WHAT THE TASK REQUIRES: Please give back, exactly as written, the lines from the line with "Close-up of a" to the line with "1401 Calvert Road" in the listing below, leaving out all pictures.

|---|

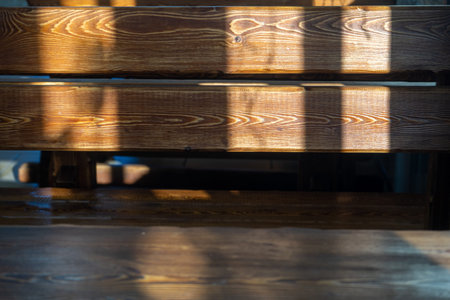The rays of the sun on the wooden texture.の写真素材
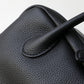Close-up of a black leather glove with a textured surface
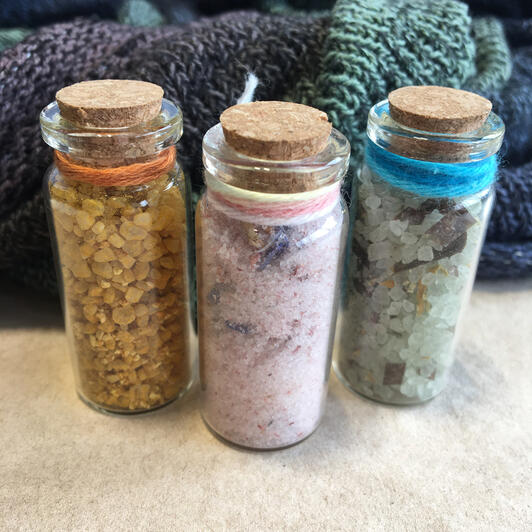 Three small corked bottles with colourful blends of spices in orange, pink, and green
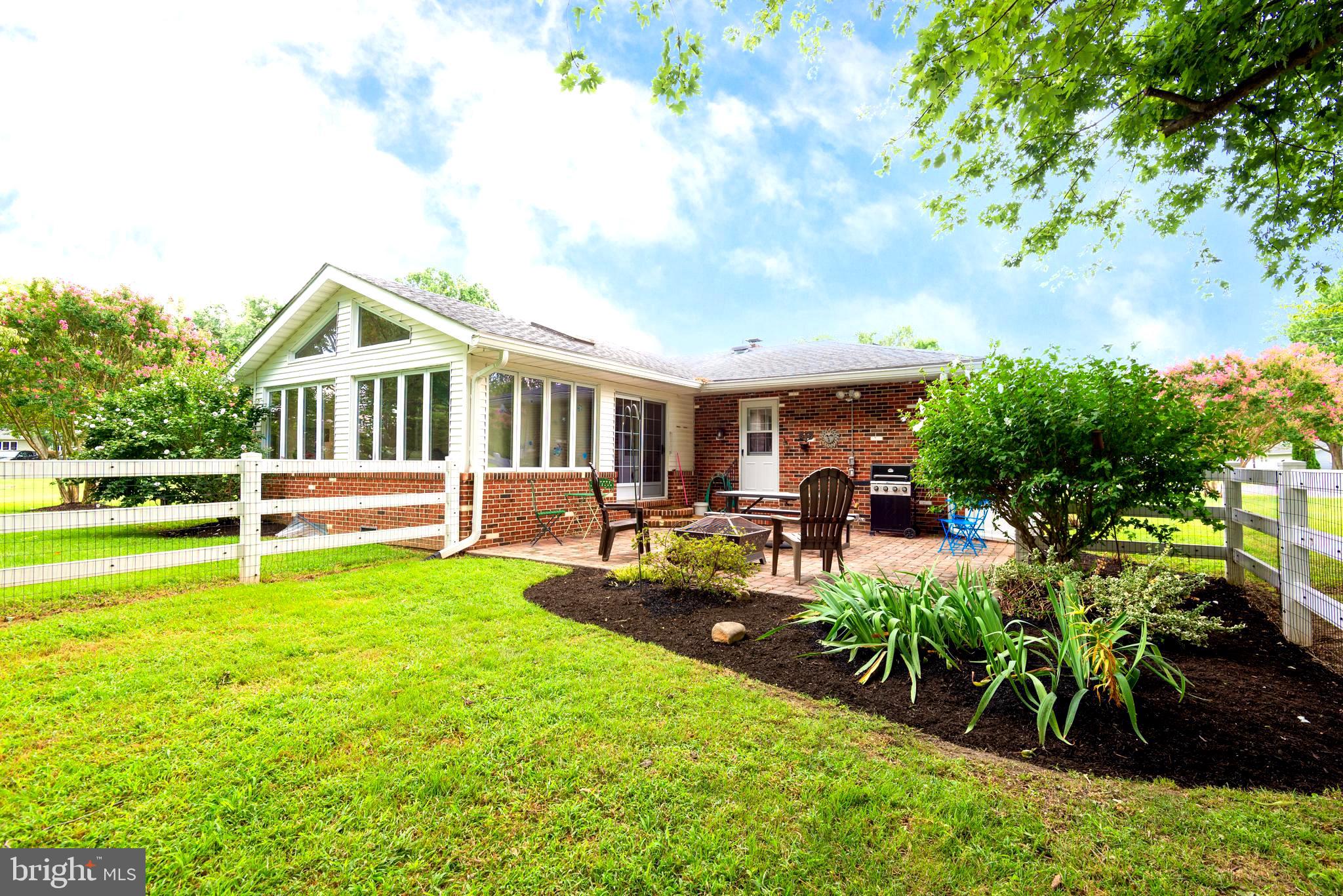 1401 Calvert Road Chester, MD 21619 - Photo 12 of 33 a front view of a house with garden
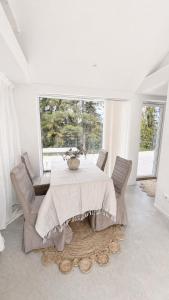 a white dining room with a table and chairs at Scandinavian Guesthouse, Archipelago Escape in Vaxholm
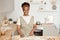 Young African housewife cutting homemade dough for pastry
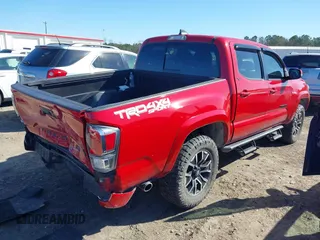 2023 Toyota Tacoma 4WD SR with VIN 3TMCZ5AN1PM613455, listed as a IAAI auction lot 41770990 with 12,643 mi miles. Bid and sale history available at carsss.com. Image 4.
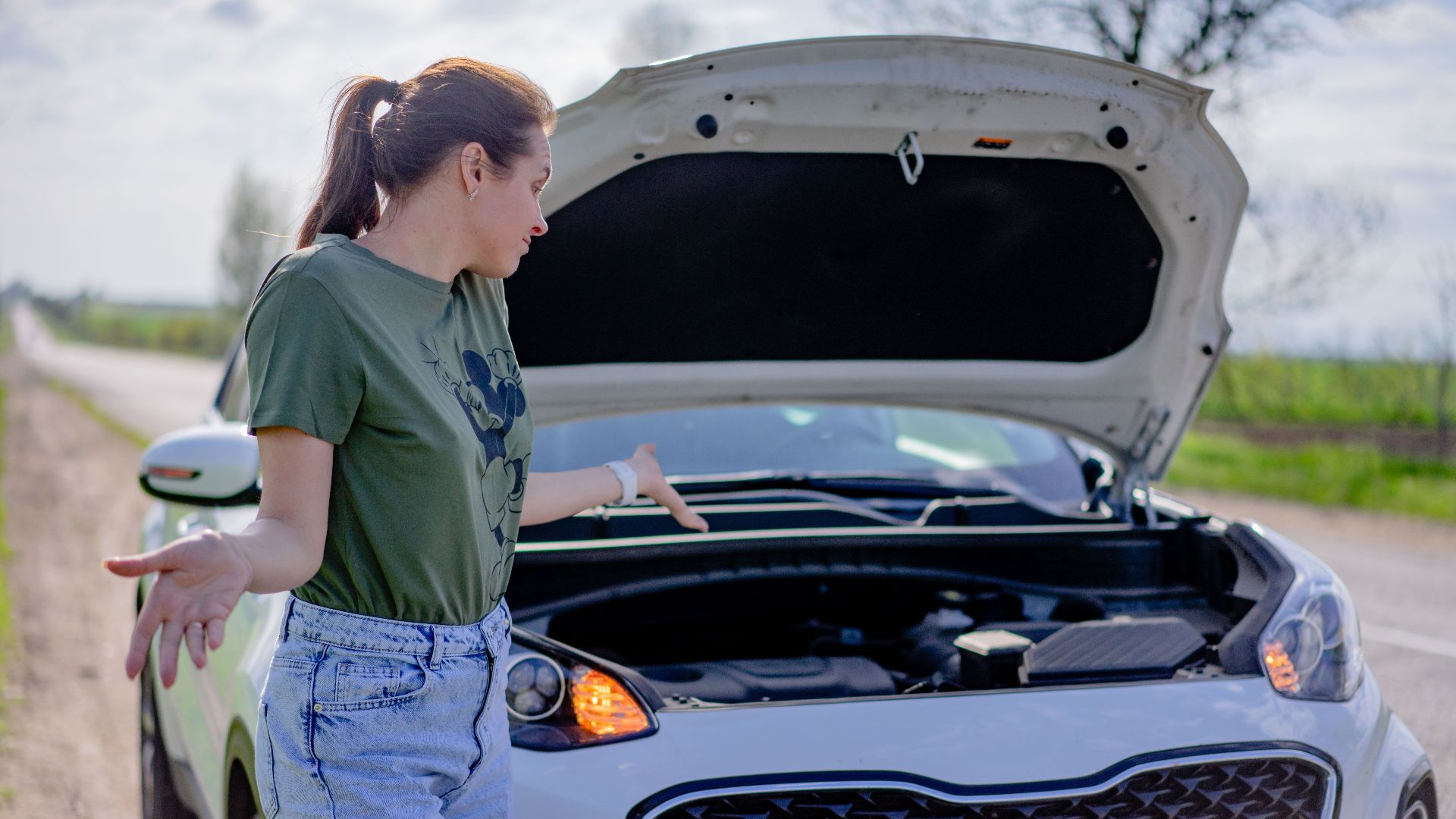 A woman looks puzzled by her broken car with an open hood on a rural road.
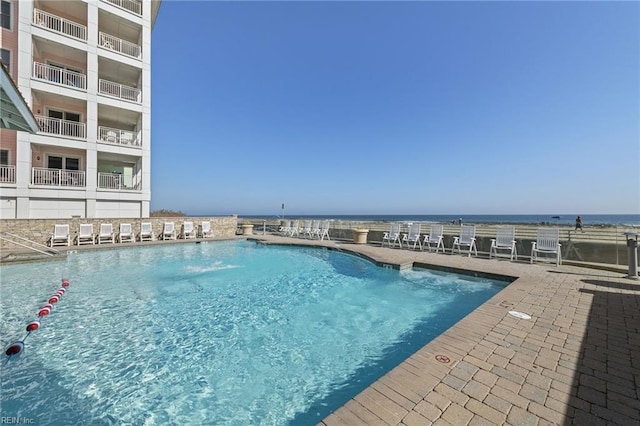 community pool featuring a patio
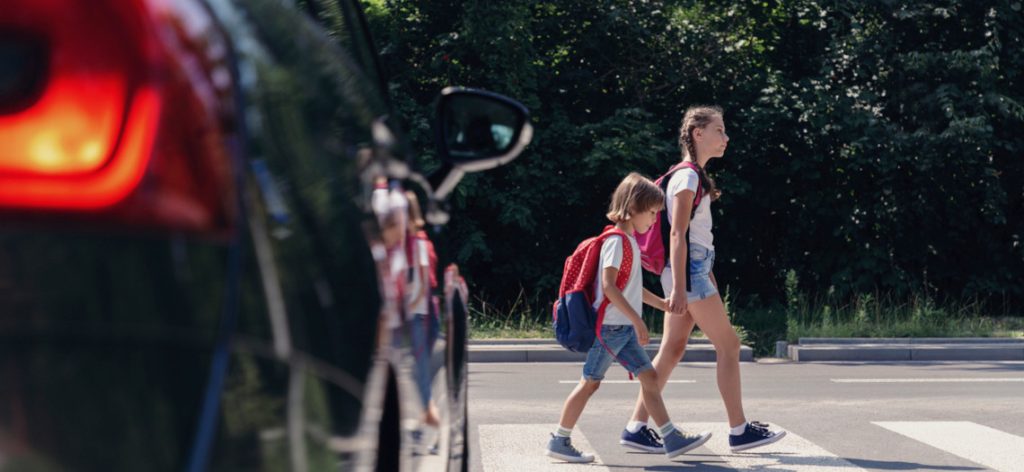 Zwei Kinder überqueren auf dem Schulweg einen Zebrastreifen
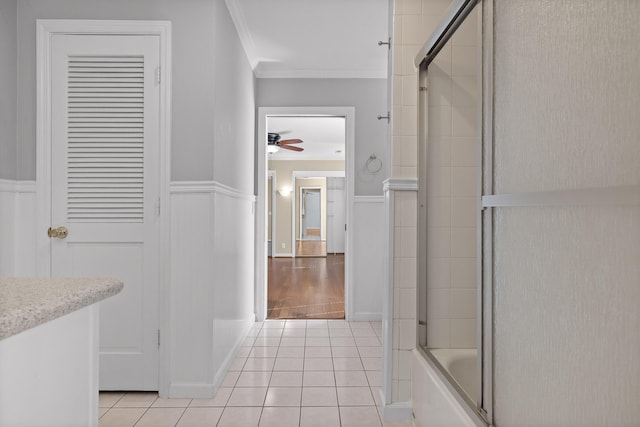 bathroom with tile patterned floors, bath / shower combo with glass door, ornamental molding, vanity, and ceiling fan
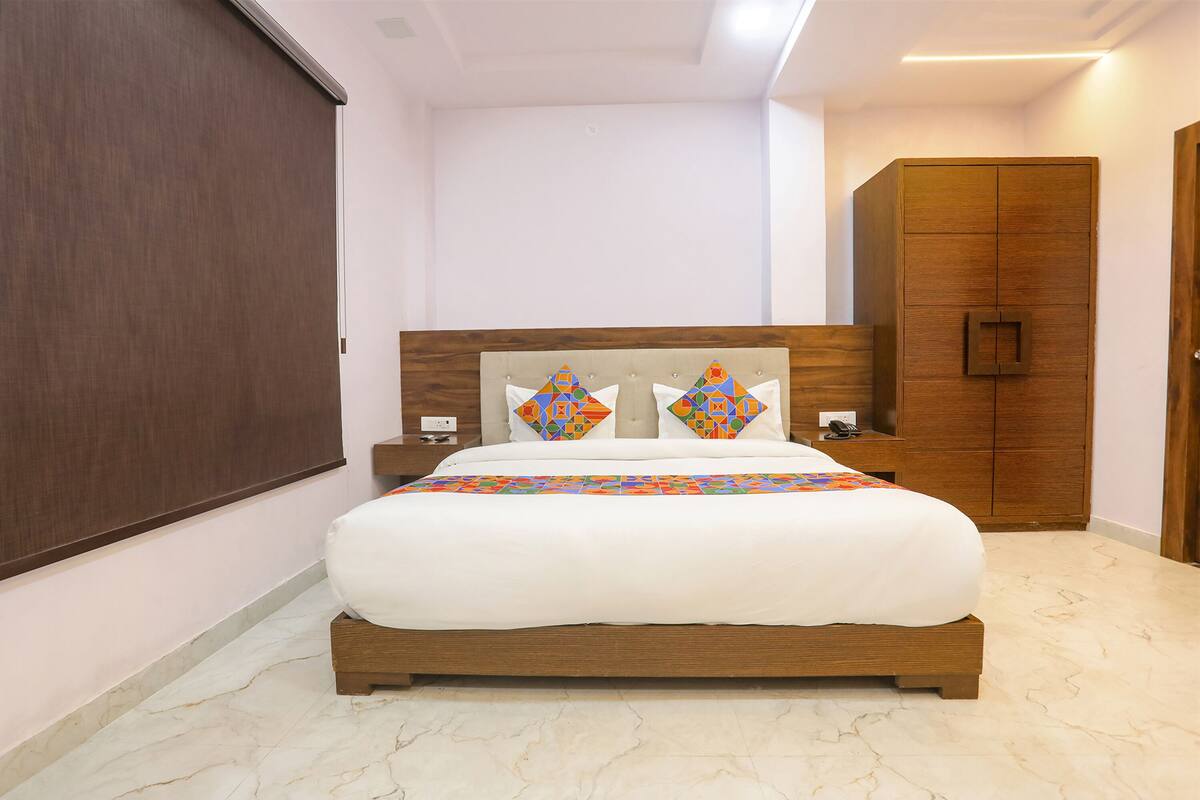 A bedroom with a large bed, a wardrobe, and a nightstand.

|---|

TASK ANSWER:
Close-up of a black leather glove with a textured surface
 Three small corked bottles with colourful blends of spices in orange, pink, and green
 1401 Calvert Road Chester, MD 21619 - Photo 12 of 33 a front view of a house with garden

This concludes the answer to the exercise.